Herkes önemli bir olayın olabileceğinden endişe duyarak gerilmişti. Hepimiz diken üstünde idik O gün sis vardı ve aydınlatma projektörleri ile aydınlatılıyordu. Bu nedenle bulunduğumuz tepeden personel yalan mesafeden rahatça görülüyordu. Saat 00:30 sularında çatışma başladı. Yüzden fazla terörist olduğunu düşünüyorum.
Piyade Er Recep Can:
Olay gecesinden iki gün önce öğle saatlerinde dokuz on katırla üç kişilik görüntü tespit edildi. Bu görüntü Çağdaş Üsteğmen tarafından Tabur Komutanına bildirildi. Akabinde Kobra helikopteri talebinde bulunuldu ancak talep uygun görülmedi.
Piyade Onbaşı Mustafa Kala:
Olaydan üç gün önce terörist gruplar ve katırlar görüldü.

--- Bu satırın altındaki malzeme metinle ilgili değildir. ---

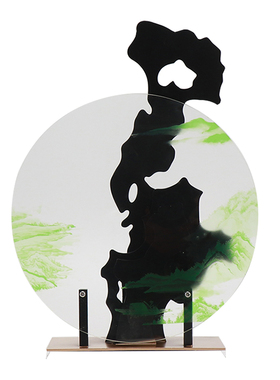 现代新中式创g意亚克力铁艺假山摆件电视柜样板房间酒柜客厅装饰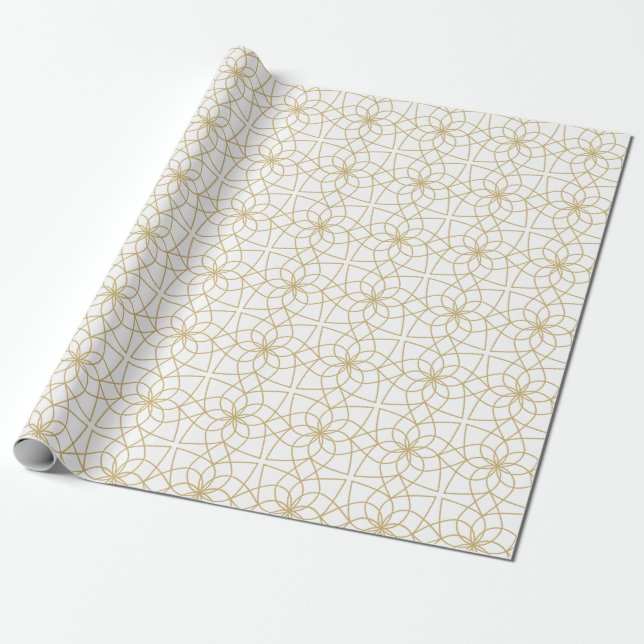 Golden Arabian Islamische geometrische Muster Geschenkpapier (Ungerollt)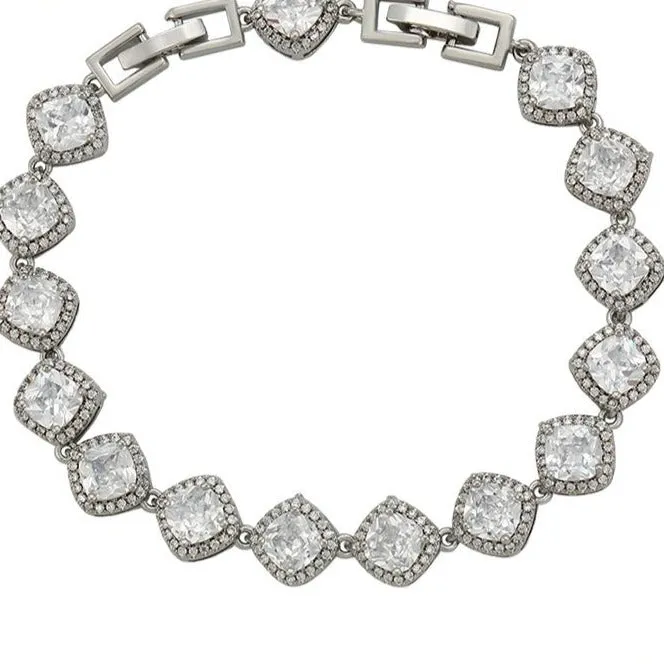 White Gold Princess Cut Zirconia Bracelet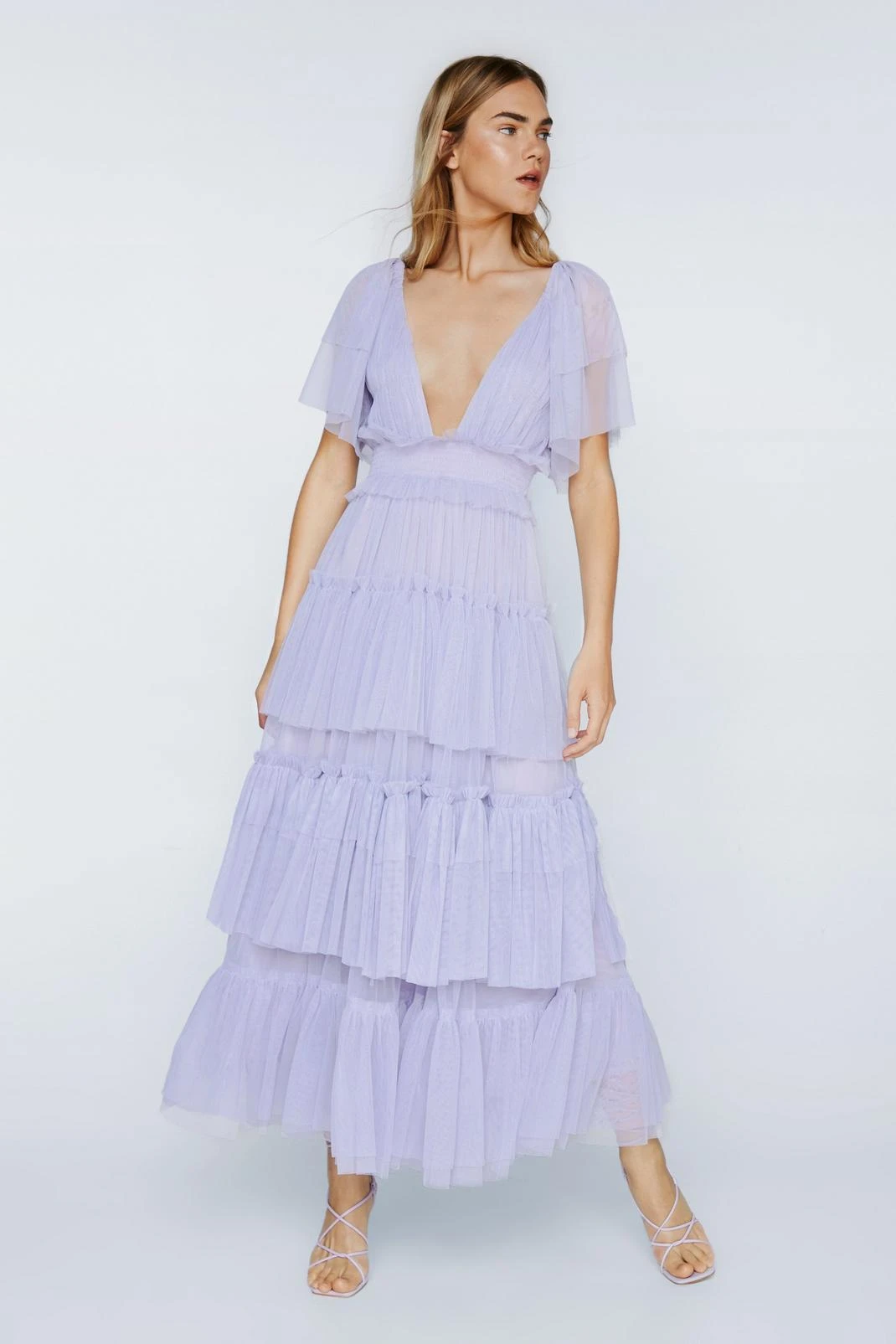 Tulle Tiered Plunge Maxi Dress - Image 2
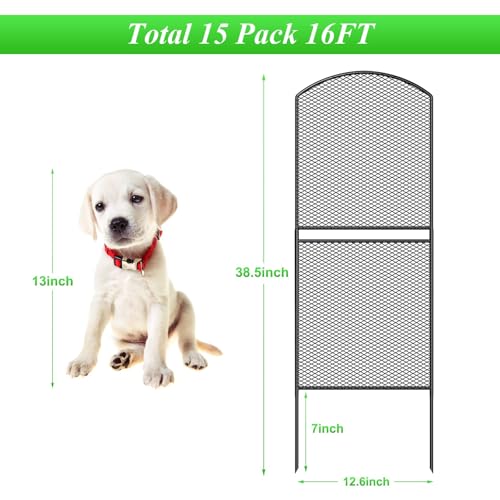 Skcoipsra Decorative Garden Fence 10 Pack, 37.5in(H) x 10.8ft(L) Animal Barrier Fence, Rustproof Metal Fencing for Yard, Dog Rabbits Wire Section Garden Edging Border for Yard Patio Garden, Arched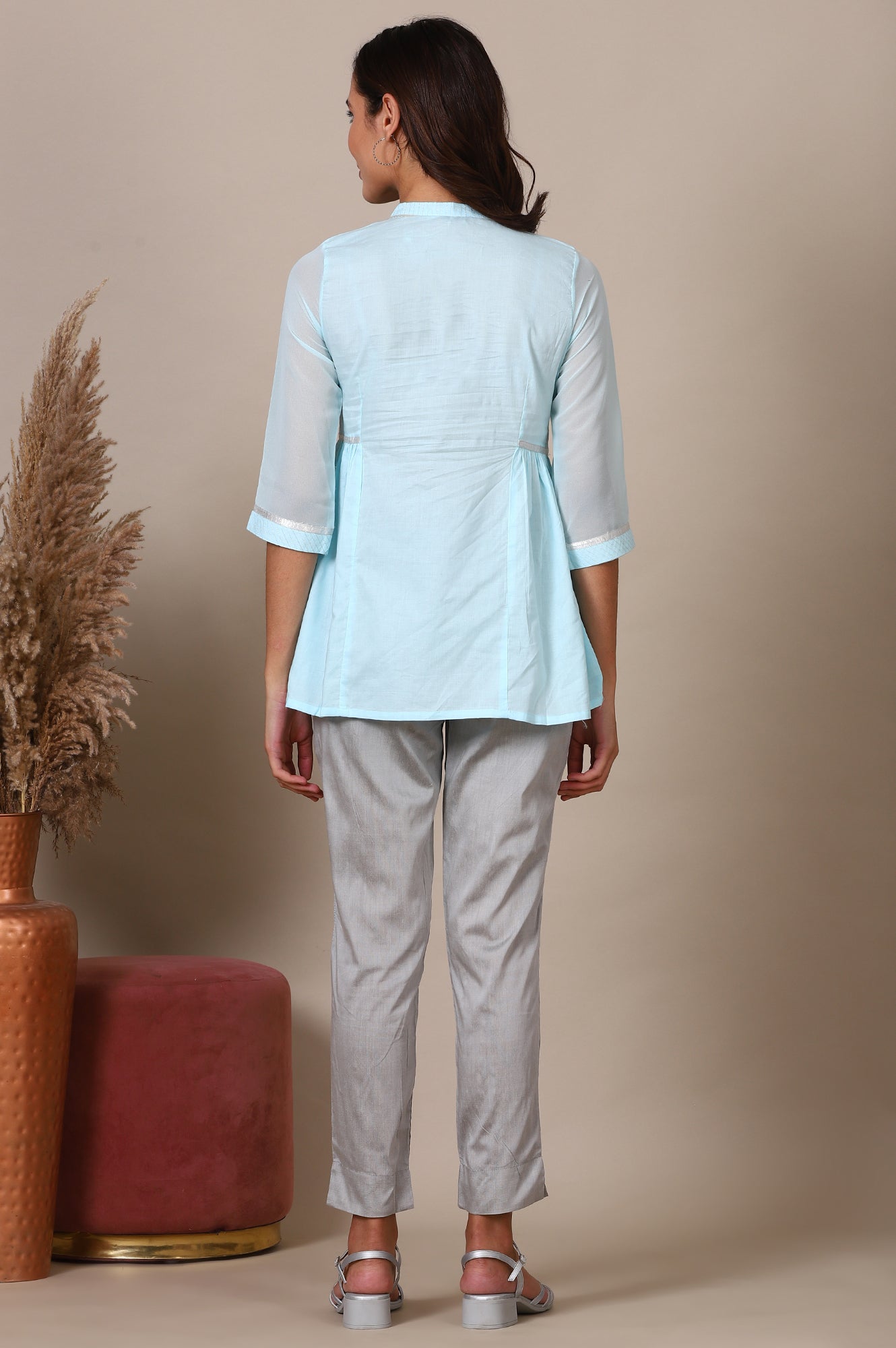 Blue Gathered A line Pure Cotton Top and Trousers Set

Olay günü kırmızı alarm durumundaydık, ilk ateşi teröristler başlattı. Mevzilerimize roketatar, el bombası, doçka, biksi ve Kalaşnikof silahlarla yoğun bir baskı ateşi başladı.
Piyade Er Cüneyt Ömür,
Silah 5-6 kez tutukluk yaptı...
Bu ifadeler 12 evladımızı şehit verdiğimiz Dağlıca baskınına dair açılan soruşturmadan basına sızan ifadeler.
Elbette henüz hazırlık soruşturmasındayız ancak o baskında idari bir büyük beceriksizlik ve çok ciddi ihmaller olduğu anlaşılıyor.
Yaşadığımız iletişim çağında gerçeklerin üstü örtülemez.
O taburdaki 600 asker bugün değilse yarın konuşacak.
Siz ise kafanızı ne kadar kuma gömerseniz gömün bu gerçekler öğrenilecek ve tartışılacak.
Tutukluk yapan silahlar, istihbaratı okuyamayan yetkililer...
Görev başında olmayan komutanlar...
Biz bu çocukları ne uğruna size emanet ediyoruz?
Bu vatanı millet adına savunsunlar diye...
Siz onları büyük bir beceriksizlikle ve ihmalle ölüme yollayın diye değil...
Garibanları vatan haini diye damgalamak kolay...
Sitenize geceyarısı e-muhtıra koyup tepki oylarını AK Partiye gümüş tepside sunmak da kolay...
O siteye bir açıklama da Dağlıca ve diğer bilmediğimiz vakalarda şehit düşenler için koyun.
Bu milletten özür dileyin.
Evlatlarınız ihmalden ve beceriksizlikten öldü...
deyiverin.
Hadi beni susturdunuz, tarihi nasıl susturacaksınız?
Vicdanlarınızın sesini nasıl susturuyorsunuz?